◆ Activity
Instruction for the data below: set down exactly the lines from the line with "StyleCraft Rebel Clipper" to the line with "Vintage Mini Beige", inclusive, and no others.

◆ Records provided
- Opening Delimiter -
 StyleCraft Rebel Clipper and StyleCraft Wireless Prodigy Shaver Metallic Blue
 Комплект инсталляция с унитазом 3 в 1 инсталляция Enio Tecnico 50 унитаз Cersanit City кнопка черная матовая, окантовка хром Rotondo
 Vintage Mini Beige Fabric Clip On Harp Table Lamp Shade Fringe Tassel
- Closing Delimiter -
- Opening Delimiter -
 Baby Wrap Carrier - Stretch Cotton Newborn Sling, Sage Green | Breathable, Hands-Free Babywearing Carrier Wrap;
- Closing Delimiter -
- Opening Delimiter -
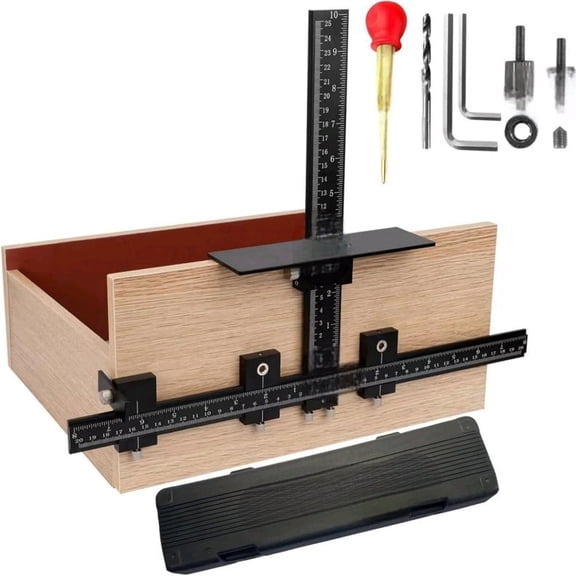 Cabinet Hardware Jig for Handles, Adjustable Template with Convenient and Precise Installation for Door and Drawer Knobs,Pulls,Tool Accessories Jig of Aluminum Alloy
- Closing Delimiter -
◆ Solution to the problem
 StyleCraft Rebel Clipper and StyleCraft Wireless Prodigy Shaver Metallic Blue
 Комплект инсталляция с унитазом 3 в 1 инсталляция Enio Tecnico 50 унитаз Cersanit City кнопка черная матовая, окантовка хром Rotondo
 Vintage Mini Beige Fabric Clip On Harp Table Lamp Shade Fringe Tassel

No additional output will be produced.